Excluding pictures, retype the line with "Roll Safe Think About It Meme" and each line that follows it to the end of the data below, word for word.

##### Exercise data #####

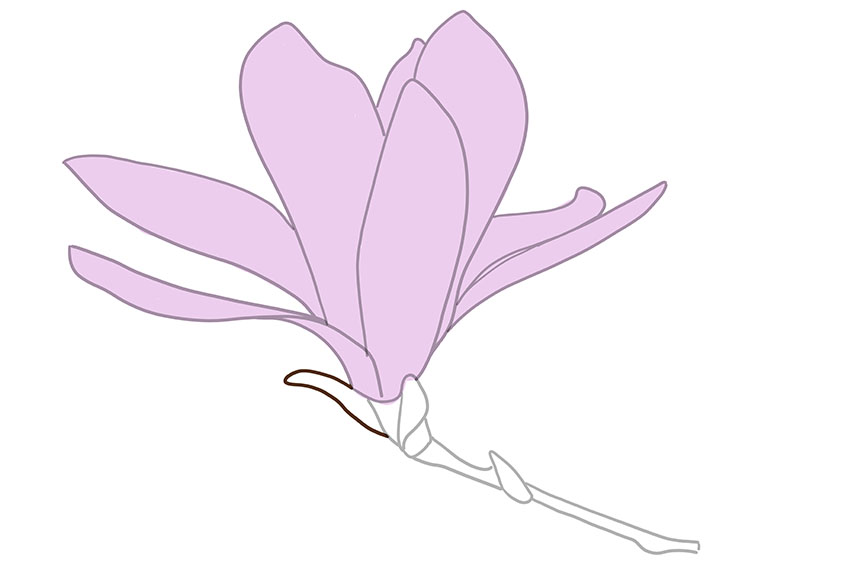 Magnolia Sketch 6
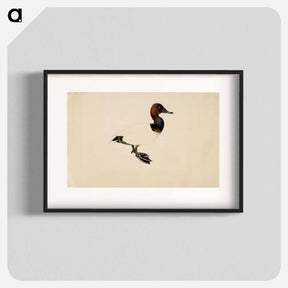 アートポスター-Common pochard - ヴィルヘルム フォン ライト Poster.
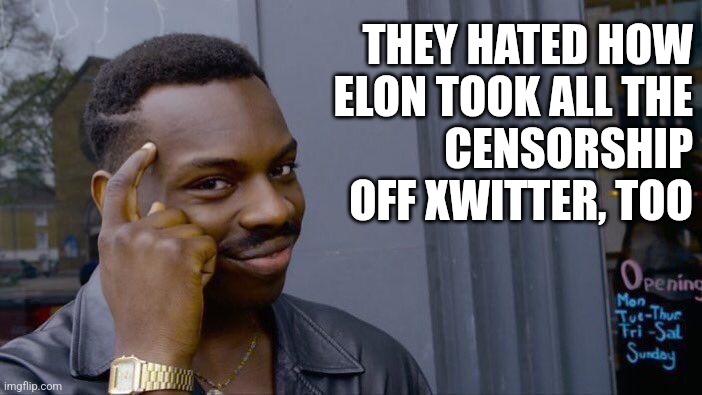 Roll Safe Think About It Meme | THEY HATED HOW
ELON TOOK ALL THE
CENSORSHIP OFF XWITTER, TOO | image tagged in memes,roll safe think about it | made w/ Imgflip meme maker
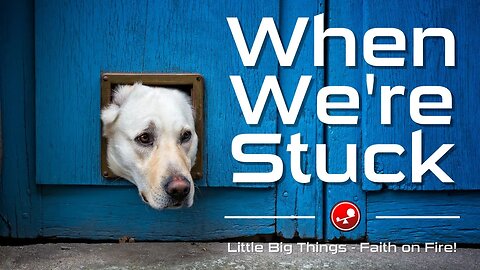 WHEN WE'RE STUCK - God Wants to Help Us - Daily Devotional - Little Big Things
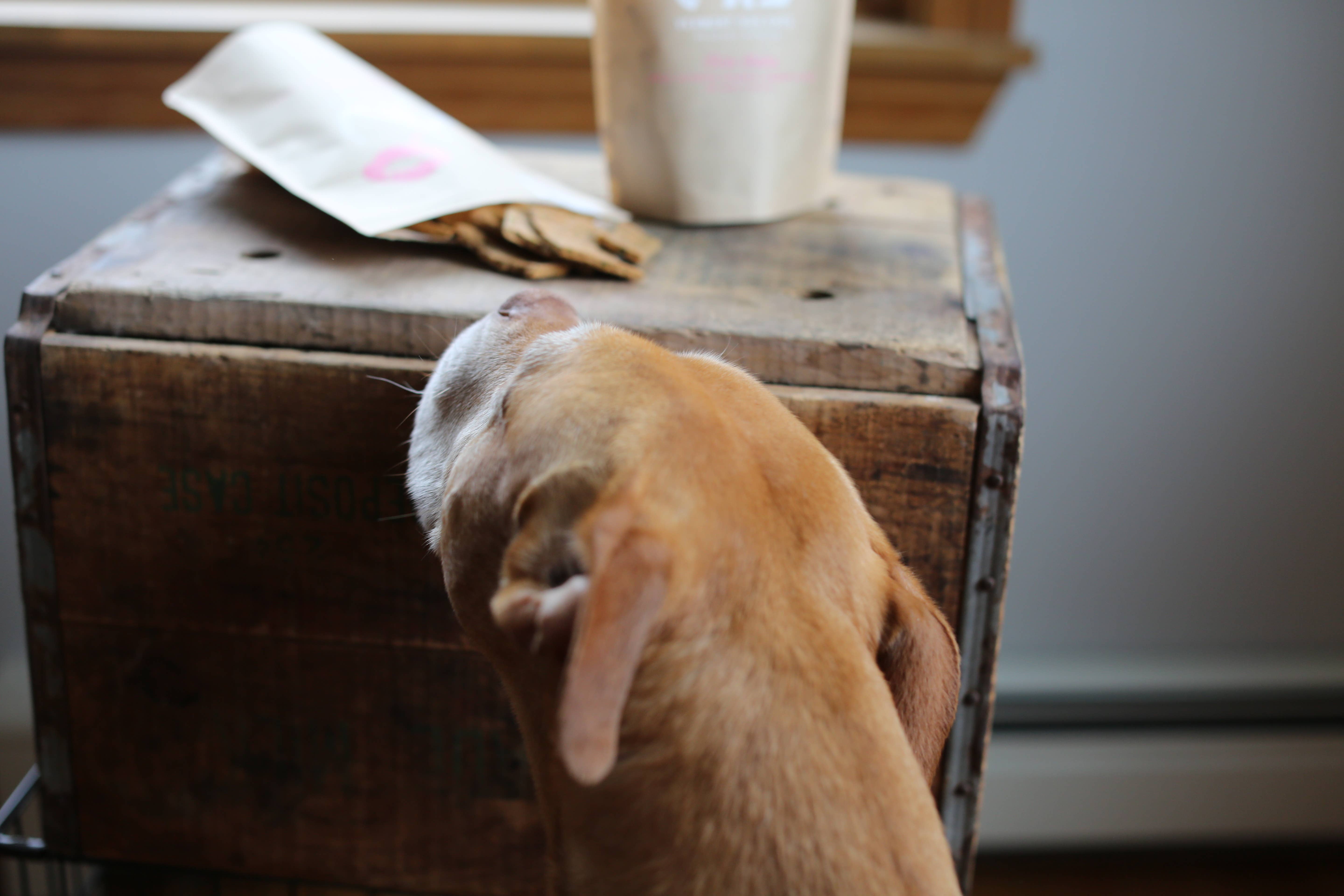 Vermont Dog Eats - Wholesale Pet Treats - Dog - Tico's Tasties3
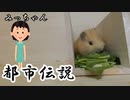 【第十一回】モルモットと聞く怪異譚【みっちゃん】
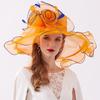 European and American new going out leisure big eaves hat spring and summer women's organza embroidery hat manufacturer flat top hat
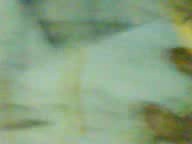 ရေချိုးချောင်းရိုက် ၆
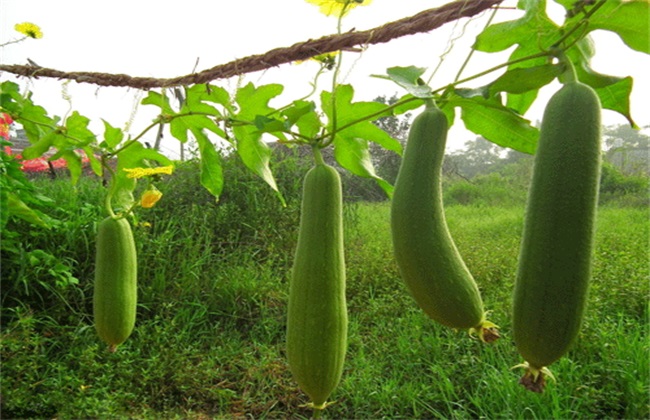 病害 丝瓜 常见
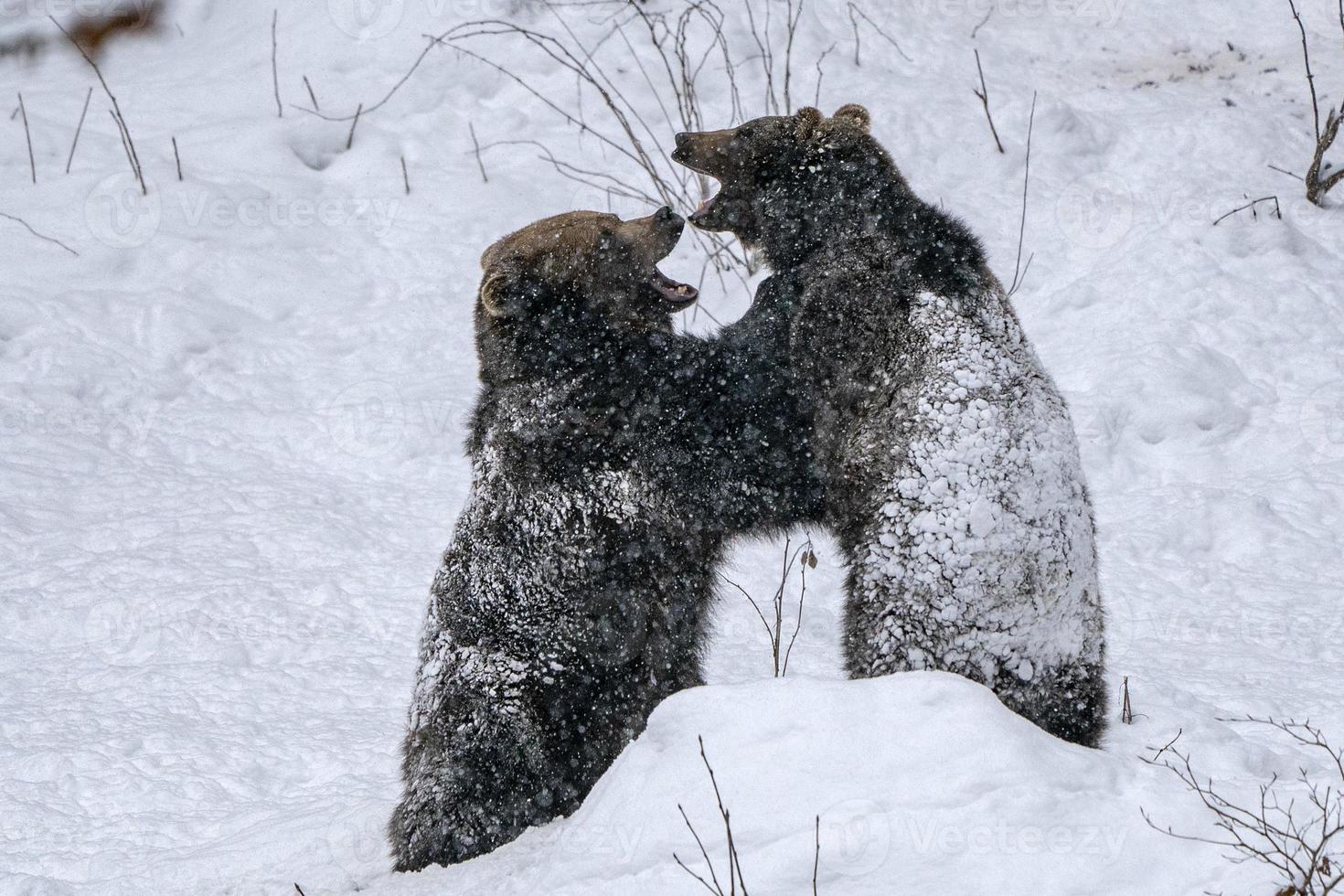 brown bears fighting  in the snow photo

#####

### Answer area
 Roll Safe Think About It Meme | THEY HATED HOW
ELON TOOK ALL THE
CENSORSHIP OFF XWITTER, TOO | image tagged in memes,roll safe think about it | made w/ Imgflip meme maker
 WHEN WE'RE STUCK - God Wants to Help Us - Daily Devotional - Little Big Things
 Vermont Dog Eats - Wholesale Pet Treats - Dog - Tico's Tasties3
 【第十一回】モルモットと聞く怪異譚【みっちゃん】
 European and American new going out leisure big eaves hat spring and summer women's organza embroidery hat manufacturer flat top hat
 ရေချိုးချောင်းရိုက် ၆
 病害 丝瓜 常见
 brown bears fighting  in the snow photo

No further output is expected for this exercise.